Quest’ultimo decreto dispone che «il contribuente può chiedere, entro il termine di cui all’articolo 2, comma 1, il rimborso dell’importo determinato applicando all’intero ammontare delle somme non dedotte l’aliquota corrispondente al primo scaglione di reddito di cui all’articolo 11 del Tuir. La richiesta di rimborso è irrevocabile».

In sostanza, secondo tale quadro normativo, le somme al «lordo» possono essere recuperate generando un onere deducibile utilizzabile nell’anno del recupero o nei periodi d’imposta successivi in caso di incapienza del reddito ovvero tramite richiesta di rimborso del contribuendo applicando un’imposta a rimborso del 23 per cento.

Tuttavia, alla luce dell’orientamento giurisprudenziale consolidatosi negli ultimi anni in base al quale la restituzione delle predette somme deve riguardare solo le somme «effettivamente» percepite dal contribuente ovvero quelle entrate nella concreta disponibilità del percettore, il legislatore ha fornito la possibilità di gestire il recupero al «netto».

A tal fine, l’articolo 150 del Dl 34/2020 ha aggiunto il comma 2-bis all’articolo 10 del Tuir il quale afferma che «le somme di cui alla lettera d-bis) del comma 1, se assoggettate a ritenuta, sono restituite al netto della ritenuta subita e non costituiscono oneri deducibili».

Al fine di determinare l’importo netto da restituire, con particolare riferimento all’ipotesi in cui l’indebito sia relativo ad una parte della somma complessivamente erogata in anni precedenti, il sostituto sarà tenuto a sottrarre dall’importo lordo che il contribuente è tenuto a corrispondere, la quota parte delle ritenute operate ai fini Irpef (comprendendo anche le addizionali regionali e comunali), proporzionalmente riferibili all’indebito.

Per compensare il recupero al netto delle ritenute fiscali, al sostituto d’imposta spetta un credito d’imposta pari al 30% delle somme restituite. La misura del credito è calcolata sull’importo netto restituito: nel caso in cui la restituzione abbia ad oggetto somme che sono state tassate solo in parte, il credito d’imposta deve essere calcolato sulle somme restituite al netto di quelle che non erano state tassate al momento dell’erogazione.

Il diritto del sostituto a fruire del credito d’imposta sorge nel momento in cui non può più essere eccepita la legittimità della pretesa alla restituzione. Tramite la Certificazione unica e il modello 770 (Rigo SX1-Colonna 5) potrà essere recuperato il credito spettante.

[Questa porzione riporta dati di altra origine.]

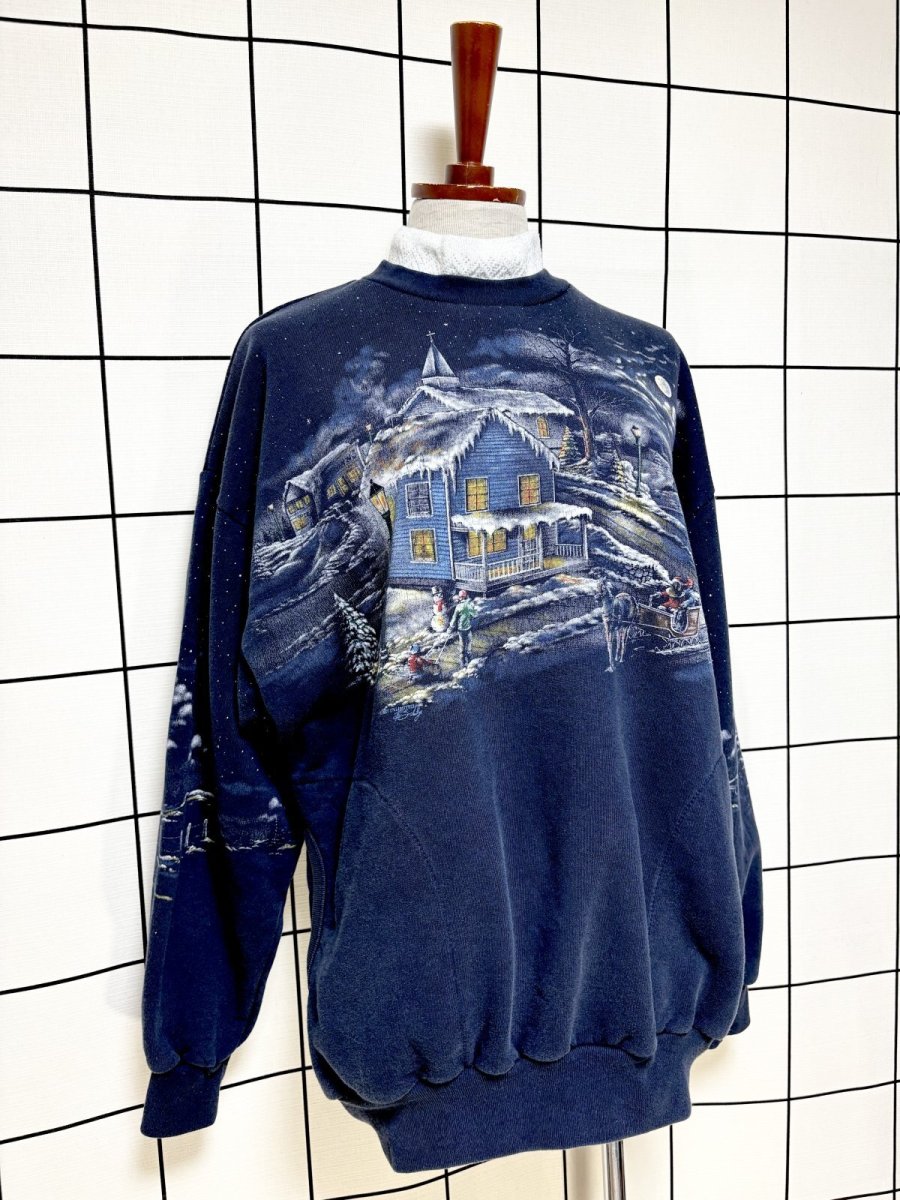画像4: バックプリントもあり ハウス柄 ネイビー ハイネック レトロ USA古着 ヴィンテージスウェット (4)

La restituzione delle somme al soggetto erogatore al netto delle ritenute Irpef opera per quelle restituite dal 1° gennaio 2020, facendo salvi i rapporti già definiti alla data dal 19 maggio 2020.

Secondo quanto correttamente indicato e schematizzato dalle Entrate, la possibilità di effettuare il recupero delle somme al netto non trova applicazione se alla data del 19 maggio 2020:

il contribuente ha già restituito l’indebito al «lordo»;

per effetto di pronunce giurisdizionali passate in giudicato, sia stabilita la restituzione al «lordo», salvo diverso successivo accordo tra le parti;

sia in corso un piano di restituzione rateizzato, calcolato al «lordo» delle ritenute operate all’atto dell’erogazione, salvo diverso successivo accordo tra le parti.

In presenza di fattispecie in cui alla data del 31 dicembre 2019, a seguito di sentenza definitiva o accordo, la restituzione è stata stabilita al «netto», il sostituto d’imposta potrà fruire del credito d’imposta del 30% in relazione alle restituzioni avvenute dal 1° gennaio 2020.